Faculté pour le tribunal d’imposer un plan en cas d’échec du vote des classes de créanciers 

En cas d’échec du vote des créanciers sur le projet de plan, il est proposé de retenir :

  • L’impossibilité de saisir le tribunal aux fins d’imposer un plan en cas d’échec de l’adoption du plan en sauvegarde accélérée et en sauvegarde de droit commun ;
  • le maintien de la possibilité pour le tribunal d’imposer un plan alternatif et des délais de remboursement uniquement en redressement judiciaire.

La possibilité pour le tribunal d’imposer un plan serait ainsi supprimée en sauvegarde, au-delà du seuil précité (ainsi que, éventuellement, en dessous de ce seuil, en cas de soumission volontaire du débiteur, au système des classes de créanciers). Cette orientation, soumise à discussion, pose plus généralement la question du devenir à terme de la procédure de sauvegarde. Une option alternative pourrait consister à réduire les pouvoirs du tribunal si l’on conservait la possibilité pour le tribunal d’imposer un plan en sauvegarde de droit commun (non accélérée). Les répondants sont invités à réagir sur ces différentes propositions et à faire notamment le lien entre cette question et le seuil qui serait retenu pour l’application obligatoire du système des classes de créanciers.

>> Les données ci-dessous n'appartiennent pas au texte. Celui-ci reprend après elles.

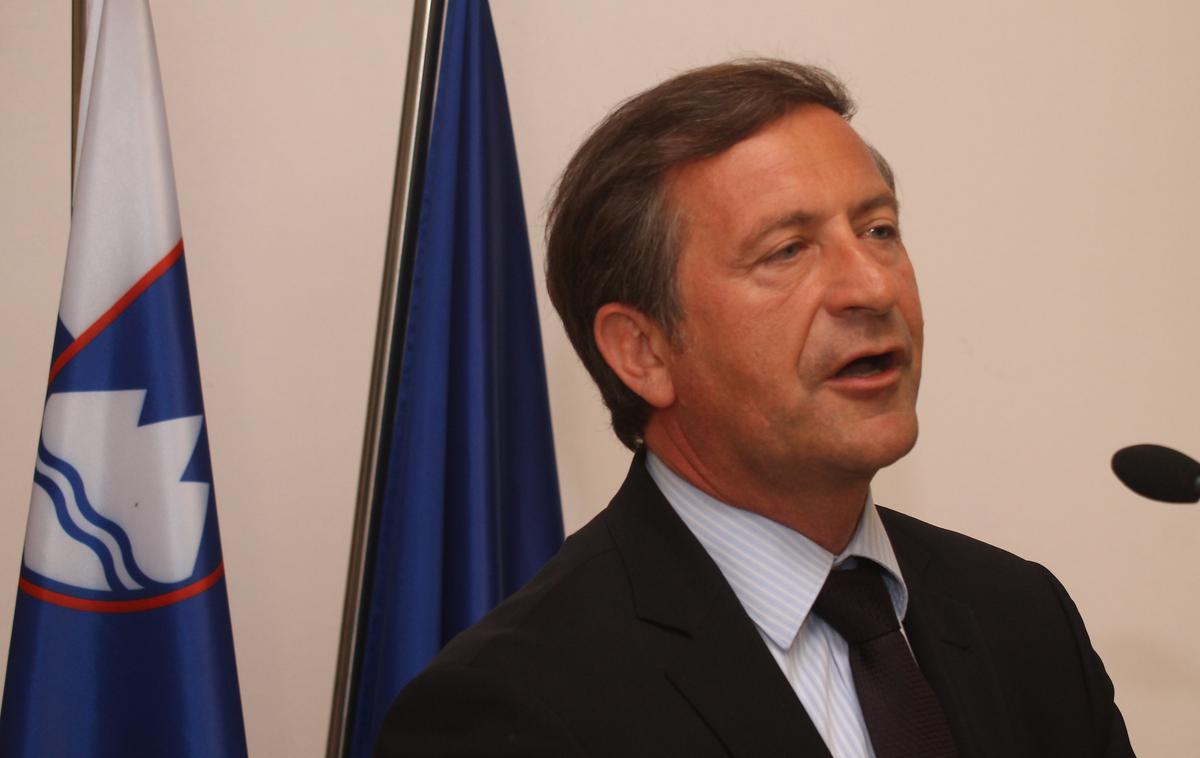 Karl Erjavec | Foto Jani Božič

Durée des périodes d’observation (hors la sauvegarde accélérée) et des plans décidés par le tribunal 

Il est proposé de retenir une durée de la période d’observation limitée à 12 mois (sans dérogation) en sauvegarde de droit commun (non accélérée) et de maintenir la durée actuelle (avec dérogation possible jusqu’à 18 mois) en redressement judiciaire. La durée des plans serait de 10 ans maximum en redressement judiciaire, durée réduite à 8 ans maximum en sauvegarde de droit commun, pour l’hypothèse d’un plan arrêté par le tribunal.

En complément de ces orientations pour la transposition du titre II de la directive, il est prévu d’exiger que soit annexé au protocole d’accord de conciliation homologué, un récapitulatif des frais de conseil mis à la charge du débiteur.